- TASK PROMPT -
Transcribe the entries that come next exactly, but not the pictures they contain.

- THE DATA -
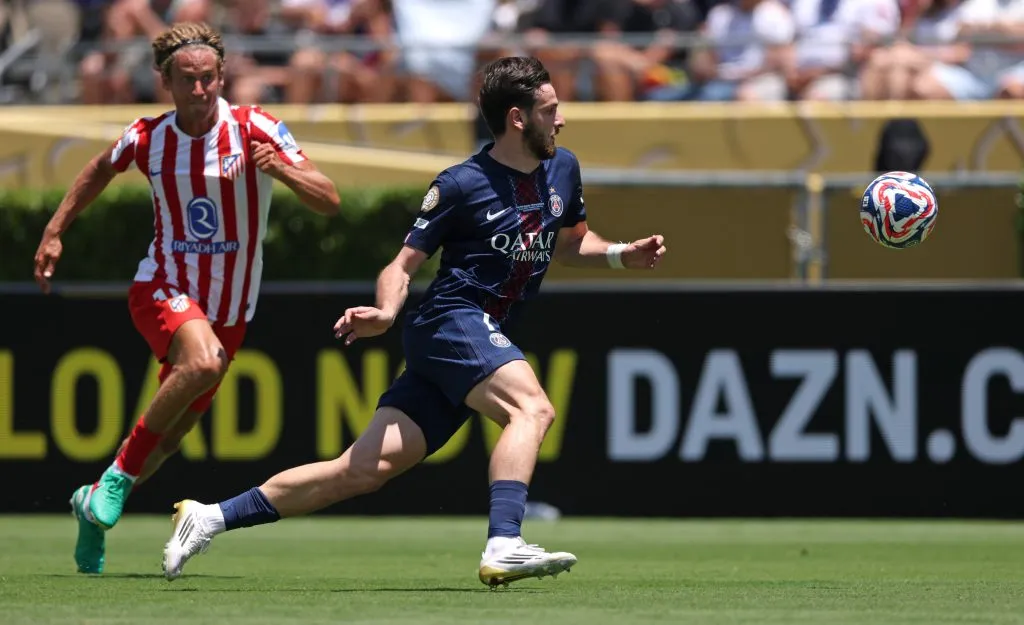 Marcos Llorente y Khvicha Kvaratskhelia en el duelo entre Atlético de Madrid y París Saint-Germain en el Mundial de Clubes. (Getty Images)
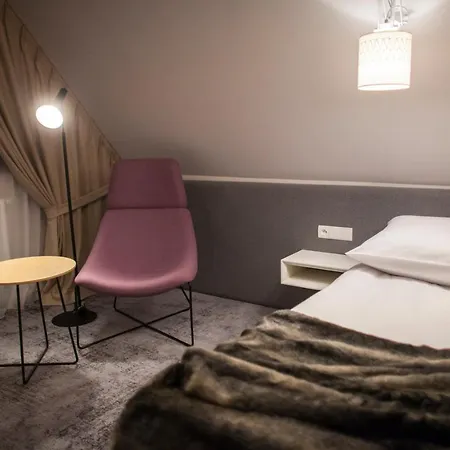 Hotel Zawrat - Blisko Natury Bialka Tatrzanska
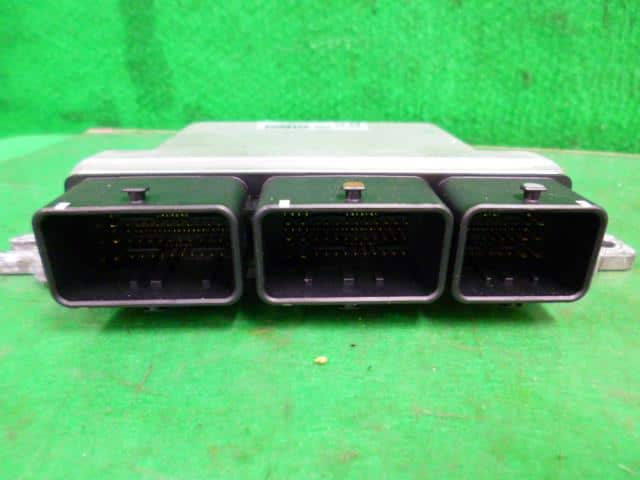 Used]Engine Control Unit / ECU NISSAN Fairlady Z 2009 CBA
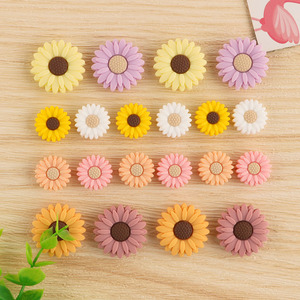 Cuentas de silicona con forma de flor para la fabricación de joyería, 12 colores disponibles, libres de BPA, cuentas sueltas de grado alimenticio. - Product Image 5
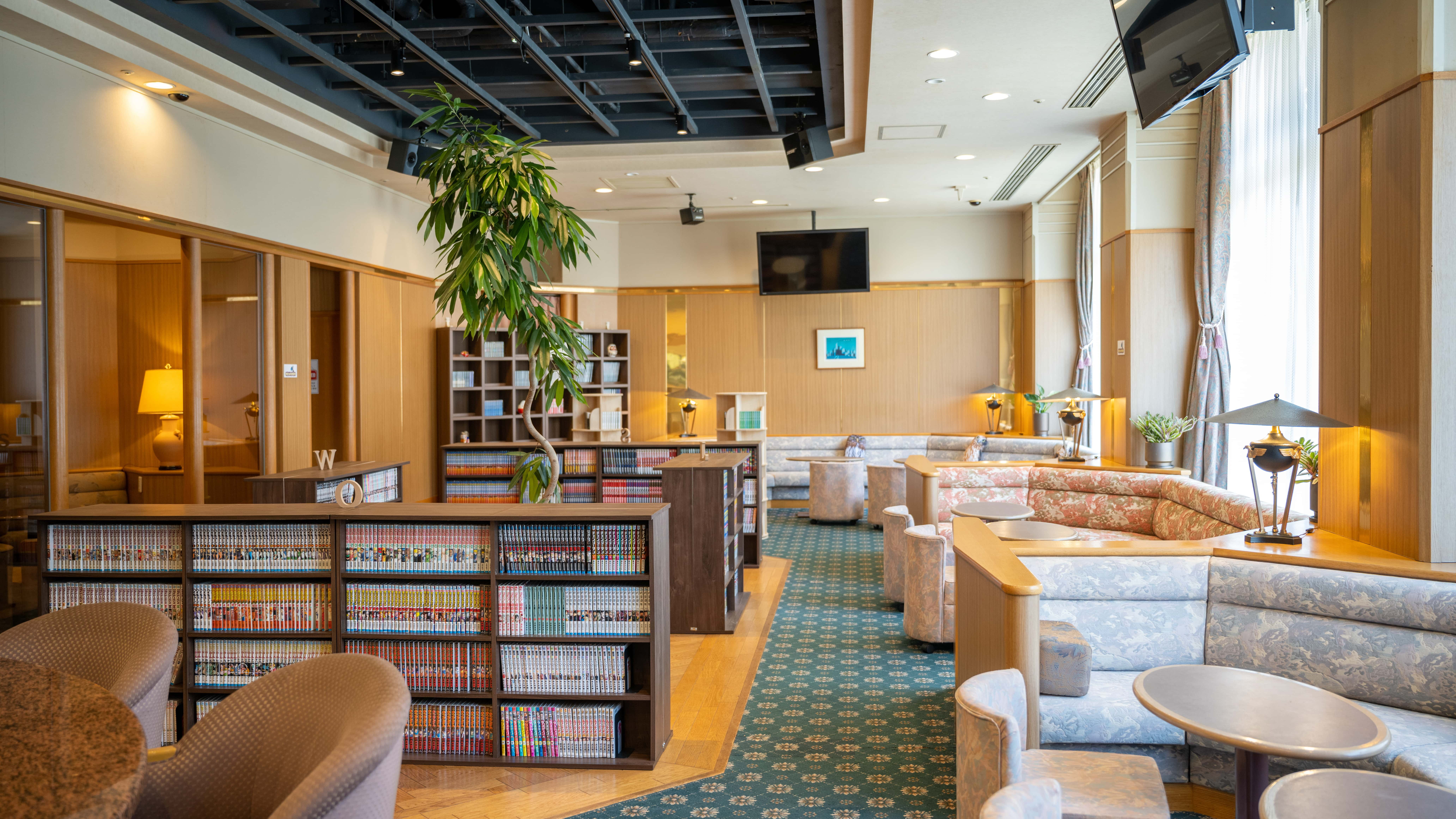 【ブックラウンジ「ふくろう」】4000冊の漫画が揃う！お気に入りの作品をごゆっくり♪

- ANSWER BOX -
 Marcos Llorente y Khvicha Kvaratskhelia en el duelo entre Atlético de Madrid y París Saint-Germain en el Mundial de Clubes. (Getty Images)
 Hotel Zawrat - Blisko Natury Bialka Tatrzanska
 Used]Engine Control Unit / ECU NISSAN Fairlady Z 2009 CBA
 Cuentas de silicona con forma de flor para la fabricación de joyería, 12 colores disponibles, libres de BPA, cuentas sueltas de grado alimenticio. - Product Image 5
 【ブックラウンジ「ふくろう」】4000冊の漫画が揃う！お気に入りの作品をごゆっくり♪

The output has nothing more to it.